O míssil norte-coreano

O regime autocrático da Coreia do Norte lançou esta semana um míssil em direcção ao Japão, o que foi considerado pelo Governo de Tóquio como uma ameaça «sem precedentes».

A escalada de conflito entre a Coreia do Norte e os Estados Unidos tem surgido com declarações inflamadas e imprudentes do líder Norte-Coreano, Kim Jong-un, a que se têm seguido não moderadas intervenções do Presidente Trump.

Trump, muito criticado em vários domínios, tem aqui um teste importante à sua presidência no domínio externo.

As suas declarações não ajudam, é certo, a reduzir a tensão, mas todos concordam, a começar pelo primeiro-ministro japonês, Shinzo Abe, que a pressão sobre Pyongyang não pode reduzir.

A entrada de Trump na presidência dos Estados Unidos aumentou o atrito com a Coreia do Norte. De tal modo foi elevado o nível de ameaça, que o Presidente Chinês Xi Jinping se ofereceu para mediador, num gesto bem recebido por Trump. Isto colocou aliás a China no centro do palco das relações internacionais, lugar que tem vindo a ocupar mais pela moderação e persuasão, que pela força das armas.

Por outro lado, os Estados Unidos anunciaram, certamente em resposta a esta crise, o teste de um sistema antimíssil, com imagens, de resto, impressionantes.

A demonstração de força não se faz apenas lançando mísseis, mas revelando o poder de os bloquear.

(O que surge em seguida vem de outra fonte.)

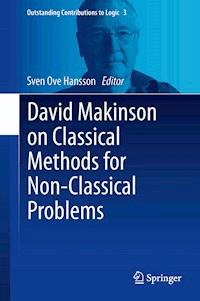 David Makinson on Classical Methods for Non-Classical Problems -  - E-Book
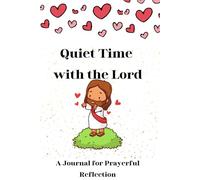 Quiet time with the lord: A Journal for Prayerful Reflection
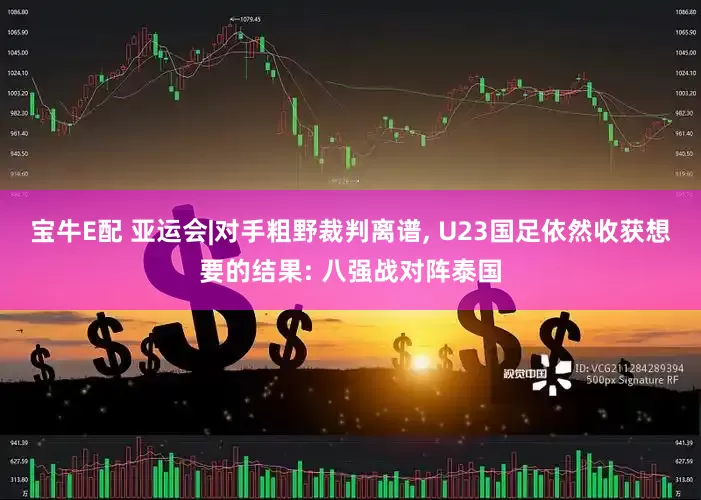 宝牛E配 亚运会|对手粗野裁判离谱, U23国足依然收获想要的结果: 八强战对阵泰国
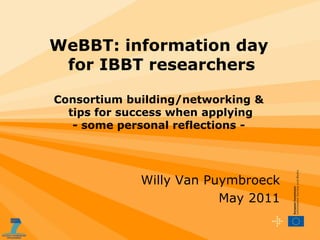 WeBBT: information day
 for IBBT researchers

Consortium building/networking &
  tips for success when applying
   - some personal reflections -




             Willy Van Puymbroeck
                         May 2011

Esta resposta levanta, é certo, algumas questões. Como a de saber se não estarão os Estados Unidos a fechar-se sobre si mesmos, reforçando o unilateralismo, deixando à sua sorte os países vizinhos, em especial a Coreia do Sul, que sente a ameaça constante vinda do Norte.

Mas não tenhamos dúvida de que lado está a razão. O regime Norte-Coreano é de tal forma hediondo que é usado, sem pudor, em exemplos académicos para tudo o que é censurável no Direito Internacional.

Não foram os Estados Unidos que lançaram mísseis, foi a Coreia do Norte, fazendo-os sobrevoar a ilha de Hokkaido, território japonês, e obrigando o Governo a emitir um alerta de abrigo para os seus habitantes.

Este episódio triste faz lembrar conflitos em larga escala, que deveríamos evitar, tendo alguns deles começado com eventos de menor dimensão. Além do mais, ao que parece, os mísseis lançados tinham condições para transportar ogivas nucleares, as quais, convém lembrar, a Coreia do Norte possui e não se cansa de ameaçar usar.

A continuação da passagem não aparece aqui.